2.5. Il concorso anomalo di C.F. nel delitto di omicidio sarebbe stato erroneamente escluso, poiché dalle riprese filmiche emergerebbe l’autonomia dell’azione del predetto imputato rispetto a quella del figlio, soprattutto nel momento dello scontro finale tra C.D. e il G., essendo C.F. , in quel frangente, impegnato a fronteggiare gli altri due giovani, e risultando del tutto indimostrata l’affermazione che sarebbe stato il padre ad armare il figlio con l’asta metallica che colpì mortalmente la vittima. Al contrario, C.D. prelevò autonomamente dal furgone la predetta sbarra e non fu mai incitato o istigato dal padre all’azione, il quale conseguentemente non poteva prevedere il tragico epilogo dello scontro nell’unica fase che vide più attivo il figlio, fino a quel punto dimostratosi meno aggressivo e in posizione più defilata rispetto al genitore.
2.6. La Corte di merito non avrebbe giustificato l’omesso giudizio di prevalenza delle circostanze attenuanti generiche riconosciute a C.D. sulla contestata aggravante dei futili motivi e sulla recidiva specifica, considerato l’unico precedente penale dell’imputato, il suo collaborativo comportamento processuale come tale riconosciuto nella stessa sentenza, e il significativo sforzo risarcitorio compiuto nei confronti delle persone offese, destinatane della somma di Euro 100.000 a seguito della vendita dell’immobile di proprietà degli imputati.

Considerato in diritto

Premesso che la sentenza impugnata effettivamente contiene, come rilevato dai ricorrenti, due pagine pertinenti alla motivazione di diversa decisione, numerate come 21 bis e 22, senza che tale evidente errore materiale di collazione incida sulla completezza del discorso motivazionale attinente al presente processo, il ricorso deve ritenersi fondato nei limiti della ritenuta sussistenza della circostanza aggravante dei futili motivi e del conseguente trattamento sanzionatorio; nel resto va, invece, respinto.

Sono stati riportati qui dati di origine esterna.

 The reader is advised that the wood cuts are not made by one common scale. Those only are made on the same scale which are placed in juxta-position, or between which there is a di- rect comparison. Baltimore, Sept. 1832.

1.1. Il primo motivo, che lamenta la mancata qualificazione del fatto come omicidio preterintenzionale, è infondato. La giurisprudenza di questa Corte ha chiarito che il criterio distintivo tra l’omicidio volontario e l’omicidio preterintenzionale risiede nell’elemento psicologico, nel senso che nell’ipotesi della preterintenzione la volontà dell’agente è diretta a percuotere o a ferire la vittima, con esclusione assoluta di ogni previsione dell’evento morte, mentre nell’omicidio volontario la volontà dell’agente è costituita dell’animus necandi, ossia dal dolo intenzionale, nelle gradazioni elaborate dalla giurisprudenza del dolo diretto, comprensivo di quello alternativo, e indiretto od eventuale, il cui accertamento è rimesso alla valutazione rigorosa di elementi oggettivi desunti dalle concrete modalità della condotta (Sez. I, n. 25239 del 20/05/2001, dep. 21/06/2001, Milid, Rv. 219433; Sez. I, n. 35369 del 4/07/2007, dep. 21/09/2007, *****, Rv. 237685; Sez. I, n. 30304 del 30/06/2009, dep. 21/07/2009, **********, Rv, 244743). Tra gli elementi oggettivi che rilevano per discriminare, nel fatto di omicidio, l’elemento psicologico della preterintezione da quello del dolo, vanno annoverati il tipo e la micidialità dello strumento offensivo, la reiterazione e la direzione dei colpi, la parte vitale del corpo presa di mira e quella concretamente attinta.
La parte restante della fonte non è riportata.